How have three aging veterans managed to come together to win a championship and keep their window for another open? Conversely, how come the Wizards' window for just one deep playoff run, despite their obvious upside of youth and talent, looks closer to slamming shut?

"They're different players," the Celtics coach said of Gilbert Arenas, Caron Butler and Antawn Jamison.

Rivers spoke prior to Boston staving off Flip Saunders's 7-13 outfit at Verizon Center on Thursday night, where he got an assist from Arenas at the foul line. "Us, the fit is perfect, obviously," he added. "But they've had injuries. That's the biggest reason."

Well, yes, there is that. The Gil, Caron and 'Twan Show has yet to capture the magic from its original run two years ago, about the same time Arenas was lost to a bum knee.

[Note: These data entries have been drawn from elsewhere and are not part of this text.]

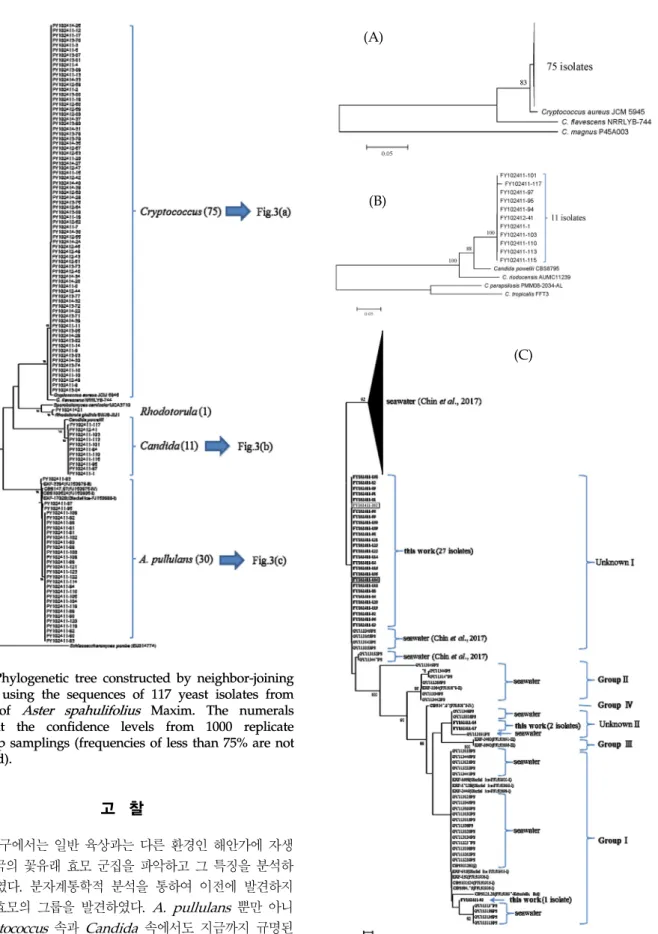 Fig. 2. Phylogenetic tree constructed by neighbor-joining method using the sequences of 117 yeast isolates from  flower of Aster spahulifolius Maxim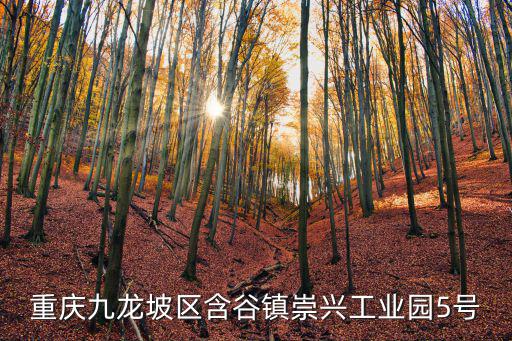 重慶市九龍坡區(qū)招工司機，重慶九龍坡區(qū)含谷鎮(zhèn)崇興工業(yè)園5號
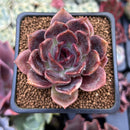 Echeveria 'Dark Chocolate' 2" Succulent Plant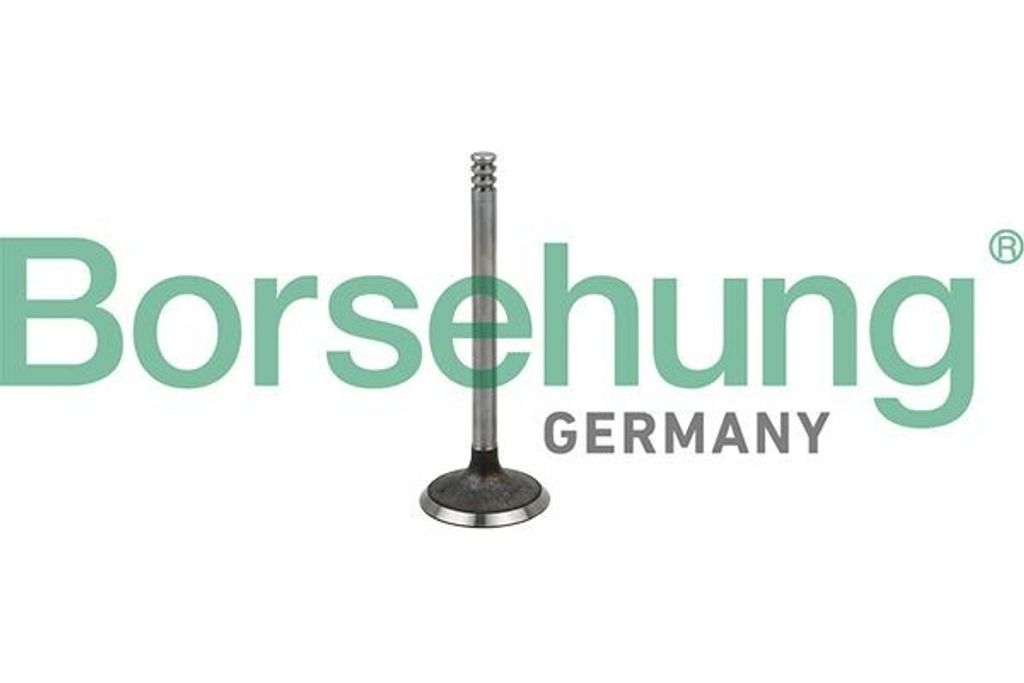 Borsehung B19029 Einlassventil für VW Golf IV Schrägheck (1J1)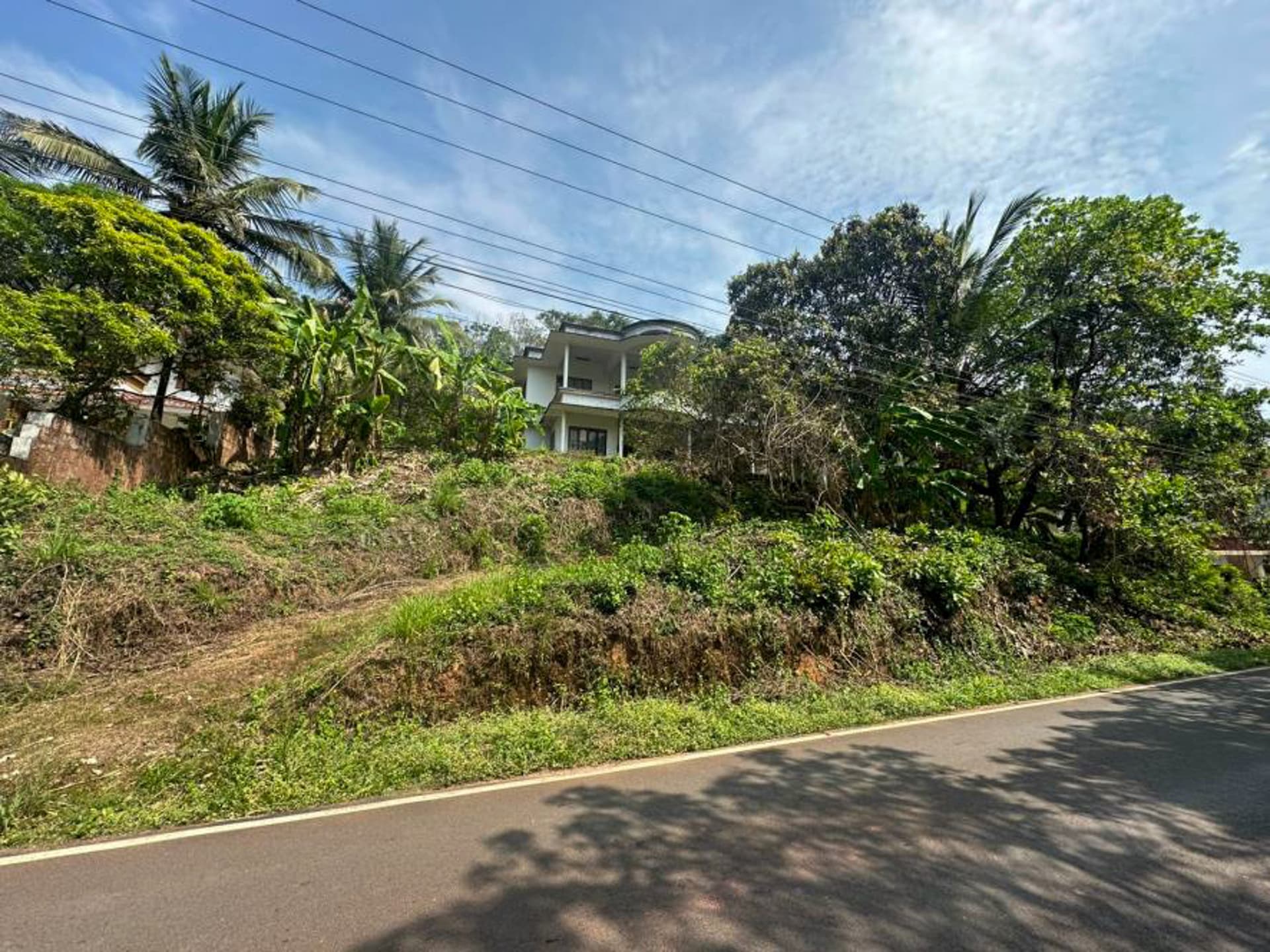 Property Photos 6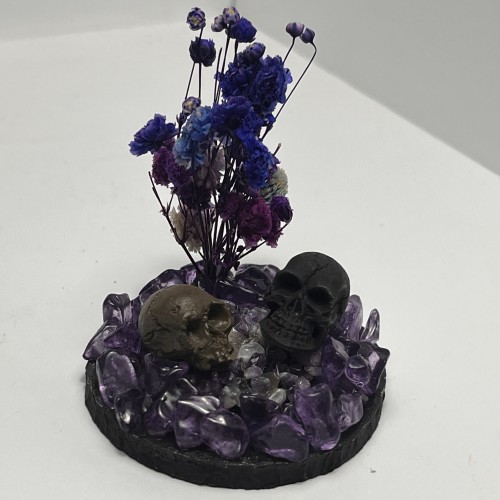 Two Skulls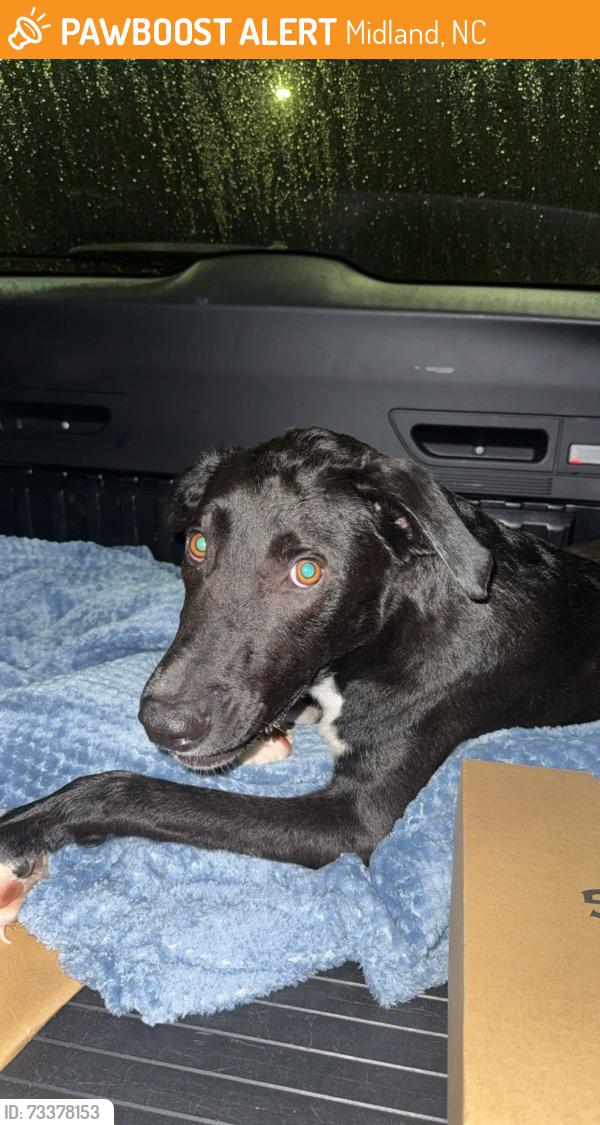 Found/Stray Male Dog last seen Near, Midland, NC 28107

Gil 2.0 can still thrill and spot up from Anacostia. But those fearless forays to the rim don't happen as often as the three-time all-star gradually gets used to playing with a thrice-operated-on left leg. His movements don't look fluid or quite natural yet, and that doesn't even get into the on-court chemistry with teammates he's learning to play with all over again.

Whether it's the injury, Saunders's new offense or just being away from the game for two years, Arenas doesn't look completely comfortable.

The same goes for Caron Butler, who's basically gone from franchise player in waiting to the reluctant all-star. He's got to be wondering why he's isn't more valued as a go-to guy anymore; it's obvious in his body language. And let's be clear -- anyone who backpacked an organization through tough times, while Ernie Grunfeld's $111 million man convalesced from injury, would wonder when or if his own contract extension might happen. But it shouldn't get in the way of his play or his aggressive mind-set.

Jamison, at 33, can still be the glue in many ways and throw up those crazy, off-the-wrong-foot runners that go in. But when all anyone at Verizon Center talks about is, "Things will be better when Mike Miller gets back from injury," and Mike Miller wasn't here last season, well, it's tough to keep up the Big Three illusion.

What we have in Washington at the moment is not merely a pro basketball team trying to find its identity, but also three players trying to individually recapture their own.

"I thought they were on their way to being really good," Rivers said. "But it's going to take time to find out if it's going to work. And as well as [Gilbert] is playing, he's been up and down -- and he was out for two years. So that's just gonna take time. I don't think anybody's going to be patient anymore to wait. But I think they're going to have to."